Exploiting Compromised Devices: Compromised devices are likely to be used as widespread entry points, not only in targeted attacks but also through extensive scanning and opportunistic exploitation of common configuration errors or vulnerabilities.

Social Engineering Techniques and Advanced Attacks

Evolution of Social Engineering: In another context, social engineering techniques continue to evolve. Attackers use methods such as Adversary-in-the-Middle (AiTM) attacks and credential harvesters to trick users, often via fake pop-ups requesting an update or manipulating CAPTCHA and QR codes to infect devices Expel.

Endpoint Vulnerabilities: These increasing tactics reveal how easily endpoint vulnerabilities can be turned against organizations. Even seemingly simple user interactions, or fleeting errors in device usage, can lead to the execution of malicious code, transforming protective systems like VPNs and firewalls into critical vulnerabilities.

Enhancing Security Hygiene and Managed Detection and Response Services

Importance of Security Hygiene: Robust security hygiene is vital for protecting sensitive systems, as it only takes one oversight to create critical access points for threat actors.

Reducing Exposure to Threats: Regularly updating systems and emphasizing security hygiene among employees can reduce exposure to cyber threats.

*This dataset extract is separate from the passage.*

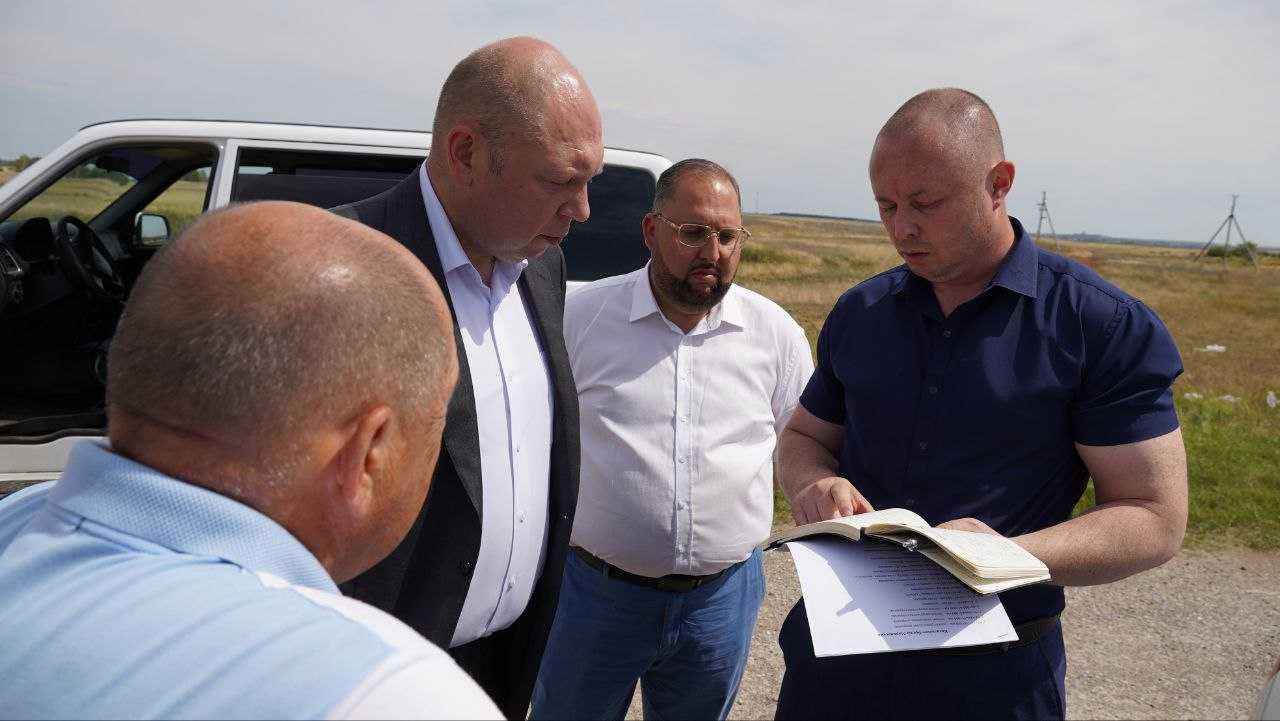 В Челябинской области восстановят важную дорогу, разрушенную грузовиками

For example, organizations should enforce the use of the best password management software for all employees, including contractors or freelancers. Implementing security best practices helps ensure that the organization is not an easy target for attackers, and may even encourage them to move on to other targets.

Managed Detection and Response (MDR): Companies can also consider using Managed Detection and Response (MDR) services to ensure that threats can be identified, prioritized, and resolved efficiently, while any suspicious activity can be monitored, reported, and dealt with. It is no longer a matter of if attackers will get in, but when, and the ability to quickly identify and neutralize threats is crucial to minimizing business disruption.

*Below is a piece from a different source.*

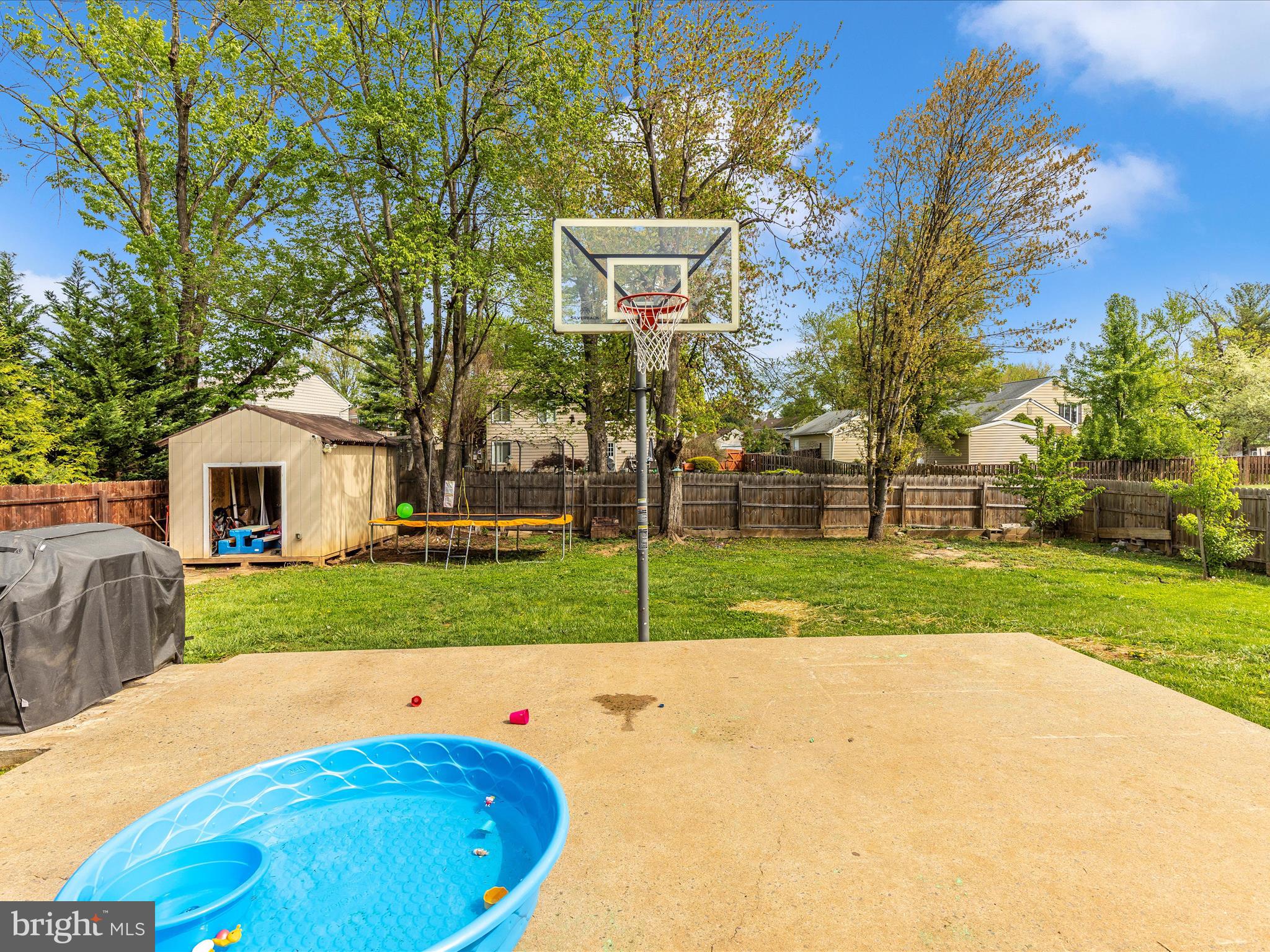 DISCOVERY - Residential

Cyber Incident Simulation and Proactive Preparedness

Practicing Incident Response: To stay ahead of threats, it is essential for security and IT management teams to dedicate time to conducting tabletop exercises for realistic cybersecurity incidents, gathering key stakeholders across the business – such as CFOs, communications managers, and executives – to practice incident response in a collaborative manner.

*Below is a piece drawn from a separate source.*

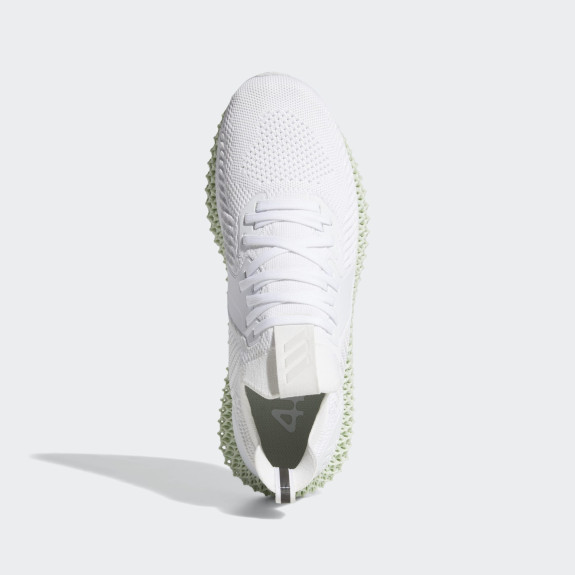 Кросівки Adidas Alphaedge 4D EF3454 (Оригінал) - фото №2 Кросівки Adidas Alphaedge 4D EF3454 (Оригінал) - фото №2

Testing the Response Plan: This focuses on decision-making and processes, testing the organization's response plan by identifying gaps, strengthening team roles, and improving communication. These exercises help the organization build and develop its incident response capability, which helps to tame the intense stress that can be seen during an actual cyber incident.

Pivotal Response Plans: Given the increasing threat of credential-based attacks, having concrete and pressure-tested incident response plans is pivotal. This means having visibility into affected systems and the ability to contain and mitigate successful attacks.

Devastating Business Impacts: These recent incidents serve as a reminder of the potentially devastating and long-term business impacts resulting from successful attacks. For example, M&S estimated its profit losses from this security incident would reach approximately £300 million once its services are fully restored. In contrast, Co-op reacted quickly, shutting down its technology systems when its security team detected attackers in their system. As a result, reports indicate that Co-op is recovering faster than M&S, proving that a proactive, coordinated, and pre-defined security plan can save companies millions of pounds.

Operational Strategic Security: These latest examples from UK retailers underscore the urgent need for organizations to prepare for abnormal access behaviors and credential misuse. Data shows that attackers are targeting identity tools, exploiting misconfigured systems, and using automation to scale their attacks. In a new era of cyber threats, reactive security is no longer viable. Businesses must ensure their networks are constantly protected, maintained, and updated to suppress the escalation of cyber attacks before they worsen. It is time for businesses to treat network security as a strategic and operational priority, not merely a compliance exercise.